Abstract
Indexing of k-dimensional point data is becoming again a hot research topic because of the need to efficiently index and retrieve high dimensional vectors (points) in data mining applications. The most common query on such vectors is kNN searching, which is a variation of range searching. Most multidimensional indexes for point data follow the paradigm of the ubiquitous B+tree and store data entries at the leaf level of the index (data nodes). Since this level naturally occupies the majority of nodes in a multidimensional index tree, it is crucial that an index structure achieves the best possible average storage utilization regardless of data distribution and order of data insertion. An additional conflicting goal is the minimization of the index term that is posted at the levels above when data nodes are split. In this paper we revisit data node splitting techniques for point access methods like the KDB-tree, hB-tree, and, in general, any index that stores point data at its leaf level nodes and splits them so that no overlapping subspaces are created at the leaf level. We experiment with various splitting techniques that produce the minimum index term for posting but differ in the shape of the resulting nodes and the average storage utilization. We also test our splitting techniques using uniform and skewed data distributions. The comparison is on the average data node storage utilization and the efficiency of range query searches.
Keywords
Indexing of k-dimensional point data, Point Access Methods
References
Berchtold, S., Böhm, C., and Kriegel, H.P. (1998). The Pyramid-Technique: Towards Breaking the Curse of Dimensionality. In Proc SIGMOD, pp. 142- 153.

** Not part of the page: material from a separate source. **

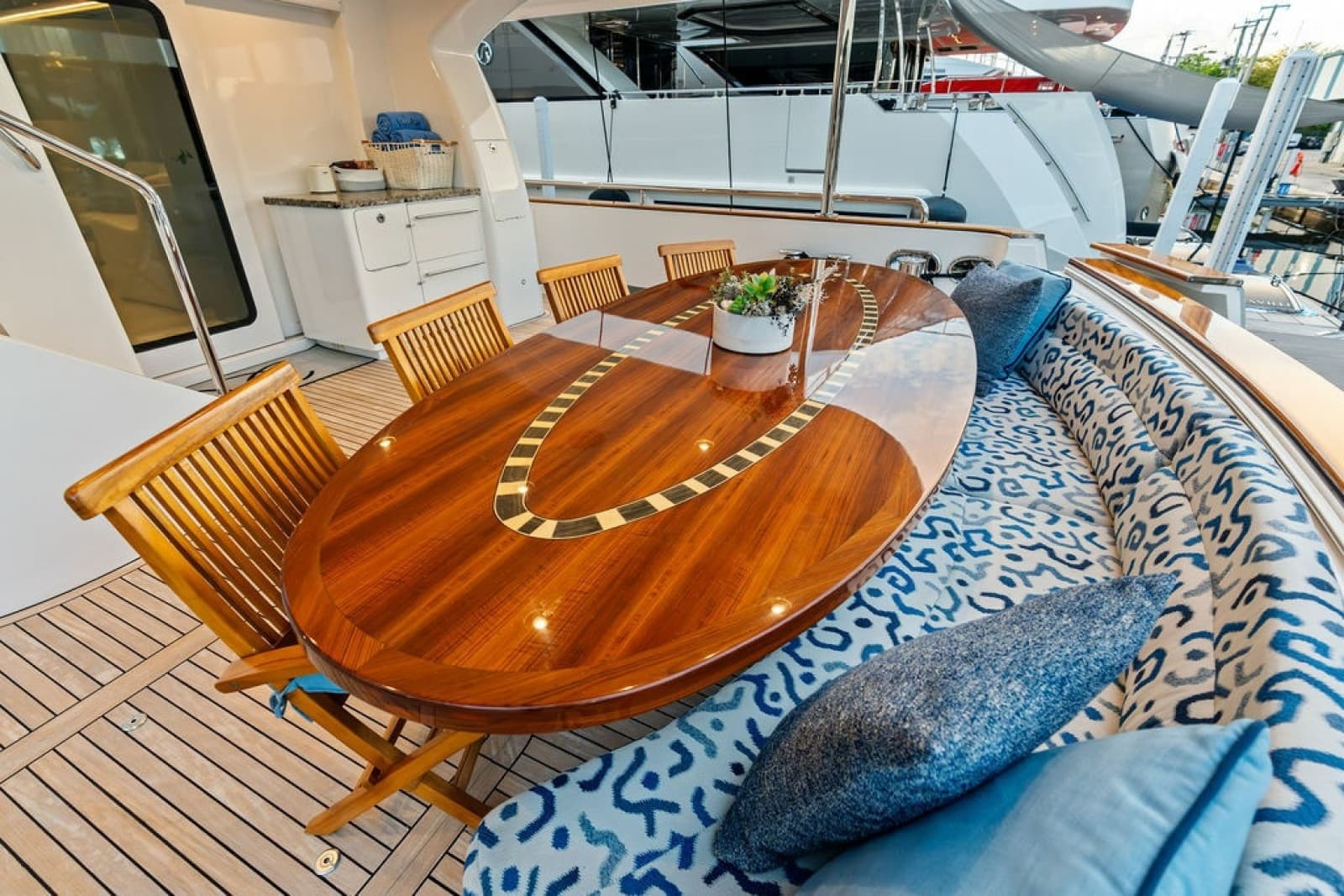 2017 Nordhavn  - Photo 33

Comer, D. (1979). The Ubiquitous B-Tree. ACM Comput. Surv. (CSUR), 11(2), pp. 121-137.
Evangelidis, G., Lomet, D.B., and Salzberg, B. (1997). The hB-Tree: A Multi-Attribute Index Supporting Concurrency, Recovery and Node Consolidation. VLDB J., 6(1), pp. 1-25.
Lomet, D.B. and Salzberg, B. (1990). The hB-Tree: A Multiattribute Indexing Method with Good Guaranteed Performance. ACM Trans. Database Syst. (TODS), 15(4), pp. 625-658.
Robinson, J.T. (1981). The K-D-B-Tree: A Search Structure For Large Multidimensional Dynamic Indexes. In Proc SIGMOD, pp. 10-18.